Sharing a first person birth mother story . . .
I very regrettably placed my oldest daughter for adoption, after discovering I was unexpectedly pregnant. I didn’t see her at all the first two years. Then, for the past two years, we have only had day visits. It was going great until a month or two ago. Then, there were a few visits, where she clung onto me, crying and not wanting to leave, when I would drop her back off to at her adoptive mother’s. After the last really dramatic time that happened, a few subsequent visits were cancelled. Then, we had our first visit since, and everything was totally the opposite…
Now, she doesn’t want to be with me AT ALL, when her adoptive mother is dropping her off to be with me. She stopped calling me Mama C and just calls me by my first name. The entire ride home she cried that she wants her mom (adoptive mother). I understand, she is with that lady all the time. I’m glad she loves her but it’s clearly causing my daughter distress now to go with me. I don’t know what changed during those couple of missed visits but something definitely did.
Yesterday, I had my first overnight with her. She didn’t want to go with me at first, the first twenty minutes of our drive, she cried for her adoptive mother but then, she seemed was fine. We had a great day, she played with her little sister and my girlfriend’s son all day. Then bedtime came and she just wanted to go home, wanted her adoptive mom, and just seemed generally upset.
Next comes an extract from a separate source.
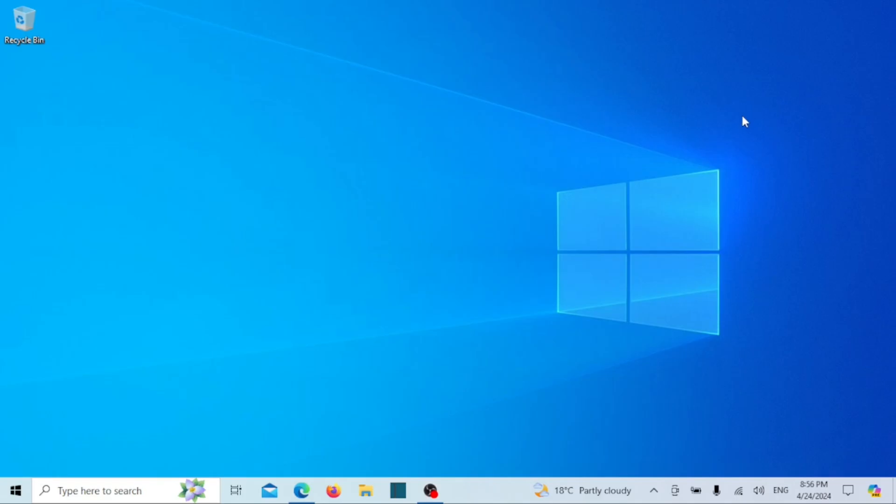Hello everyone, welcome back to our channel. Today, we're going to tackle a common issue faced by many users who have a dual boot system with Linux and Windows, sharing files between the two operating systems.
I got her to help me put my younger daughter to sleep. I told her we would call her mom, once I got the little one to sleep. My daughter fell asleep with her younger sister. Then, a little after 2 am, she woke up and was very upset, wanted to go home. I told her it was no big deal and we would call her mom and told her she did good by using her voice and telling me what she needs. I told her I understand because when I was her age, up until I was like 13, I would make my mom come get me anytime I tried to spend the night anywhere. I know that feeling she had, a giant pit in your stomach and all you want is your mom, but hers is probably 1000x worse because she’s an adoptee that already has separation trauma. So, we called her adoptive mother and I ended up driving two hours at 2:30 am to take her home. I tried to be silly and play music she liked and sing along (to keep myself awake and to make her feel better) but she was silent the entire drive. She didn’t want to give me a hug or kiss goodbye. She just wanted her adoptive mother.
I don’t know what to do. I know I caused all of this by choosing to put her up for adoption. I chose to drag everyone through a very expensive court case for two years because they were preventing me from seeing her at all. I chose to get shared custody of her in order to remain in her life. I will be honest, I want full custody of her and to keep her with me all of the time. I wish I was the mommy she cried for. But I’m not. At this point, she doesn’t want to go with me any more. She doesn’t want to stay with me and I have to accept that. My heart broke over her distress last night. It is not my desire want to cause her any type of stress or anxiety or pain. I don’t know what to do.
I feel like making her come with me is hurting her right now. But I also feel like, if I step aside and let the visits stop for right now, I’m going to be abandoning her all over again. It would also absolutely break my own heart. But it’s what is best for my daughter. That’s all I care about. I’m bawling my eyes out as I’m writing this. I just want what’s best for her, even if that’s not me right now.